→ **Material for this task**:
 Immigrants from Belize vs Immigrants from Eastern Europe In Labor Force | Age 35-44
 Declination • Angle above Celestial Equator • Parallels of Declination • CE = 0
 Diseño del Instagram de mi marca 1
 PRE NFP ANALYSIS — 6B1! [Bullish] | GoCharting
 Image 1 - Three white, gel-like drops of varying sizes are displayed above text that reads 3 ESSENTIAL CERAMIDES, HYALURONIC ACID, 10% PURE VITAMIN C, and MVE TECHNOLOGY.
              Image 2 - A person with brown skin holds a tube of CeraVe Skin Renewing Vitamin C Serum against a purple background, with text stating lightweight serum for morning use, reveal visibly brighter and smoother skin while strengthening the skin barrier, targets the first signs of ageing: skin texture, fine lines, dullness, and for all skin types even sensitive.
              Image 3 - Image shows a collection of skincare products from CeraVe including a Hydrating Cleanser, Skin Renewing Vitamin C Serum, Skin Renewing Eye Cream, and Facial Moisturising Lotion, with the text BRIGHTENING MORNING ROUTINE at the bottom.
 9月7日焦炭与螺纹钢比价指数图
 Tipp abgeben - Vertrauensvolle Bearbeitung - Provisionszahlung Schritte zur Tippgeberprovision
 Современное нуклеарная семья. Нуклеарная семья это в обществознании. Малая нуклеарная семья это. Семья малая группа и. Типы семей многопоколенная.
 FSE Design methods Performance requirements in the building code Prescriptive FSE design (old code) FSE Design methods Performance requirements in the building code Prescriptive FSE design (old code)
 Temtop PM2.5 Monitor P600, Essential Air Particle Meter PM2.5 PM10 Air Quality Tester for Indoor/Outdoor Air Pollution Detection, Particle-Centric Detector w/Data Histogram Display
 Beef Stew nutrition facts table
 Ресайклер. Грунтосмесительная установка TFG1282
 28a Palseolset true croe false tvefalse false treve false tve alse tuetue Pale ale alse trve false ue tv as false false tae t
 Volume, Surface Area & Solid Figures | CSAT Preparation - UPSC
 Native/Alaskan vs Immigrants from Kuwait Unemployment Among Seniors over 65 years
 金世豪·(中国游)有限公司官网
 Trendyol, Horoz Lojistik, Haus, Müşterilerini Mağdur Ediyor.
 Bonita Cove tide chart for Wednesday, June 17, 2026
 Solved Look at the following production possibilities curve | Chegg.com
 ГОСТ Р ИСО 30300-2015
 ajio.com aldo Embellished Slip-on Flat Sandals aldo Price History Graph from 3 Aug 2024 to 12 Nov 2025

→ **Exercise requirements**: For this exercise, the records above must be returned exactly.

→ **Response**:
 Immigrants from Belize vs Immigrants from Eastern Europe In Labor Force | Age 35-44
 Declination • Angle above Celestial Equator • Parallels of Declination • CE = 0
 Diseño del Instagram de mi marca 1
 PRE NFP ANALYSIS — 6B1! [Bullish] | GoCharting
 Image 1 - Three white, gel-like drops of varying sizes are displayed above text that reads 3 ESSENTIAL CERAMIDES, HYALURONIC ACID, 10% PURE VITAMIN C, and MVE TECHNOLOGY.
              Image 2 - A person with brown skin holds a tube of CeraVe Skin Renewing Vitamin C Serum against a purple background, with text stating lightweight serum for morning use, reveal visibly brighter and smoother skin while strengthening the skin barrier, targets the first signs of ageing: skin texture, fine lines, dullness, and for all skin types even sensitive.
              Image 3 - Image shows a collection of skincare products from CeraVe including a Hydrating Cleanser, Skin Renewing Vitamin C Serum, Skin Renewing Eye Cream, and Facial Moisturising Lotion, with the text BRIGHTENING MORNING ROUTINE at the bottom.
 9月7日焦炭与螺纹钢比价指数图
 Tipp abgeben - Vertrauensvolle Bearbeitung - Provisionszahlung Schritte zur Tippgeberprovision
 Современное нуклеарная семья. Нуклеарная семья это в обществознании. Малая нуклеарная семья это. Семья малая группа и. Типы семей многопоколенная.
 FSE Design methods Performance requirements in the building code Prescriptive FSE design (old code) FSE Design methods Performance requirements in the building code Prescriptive FSE design (old code)
 Temtop PM2.5 Monitor P600, Essential Air Particle Meter PM2.5 PM10 Air Quality Tester for Indoor/Outdoor Air Pollution Detection, Particle-Centric Detector w/Data Histogram Display
 Beef Stew nutrition facts table
 Ресайклер. Грунтосмесительная установка TFG1282
 28a Palseolset true croe false tvefalse false treve false tve alse tuetue Pale ale alse trve false ue tv as false false tae t
 Volume, Surface Area & Solid Figures | CSAT Preparation - UPSC
 Native/Alaskan vs Immigrants from Kuwait Unemployment Among Seniors over 65 years
 金世豪·(中国游)有限公司官网
 Trendyol, Horoz Lojistik, Haus, Müşterilerini Mağdur Ediyor.
 Bonita Cove tide chart for Wednesday, June 17, 2026
 Solved Look at the following production possibilities curve | Chegg.com
 ГОСТ Р ИСО 30300-2015
 ajio.com aldo Embellished Slip-on Flat Sandals aldo Price History Graph from 3 Aug 2024 to 12 Nov 2025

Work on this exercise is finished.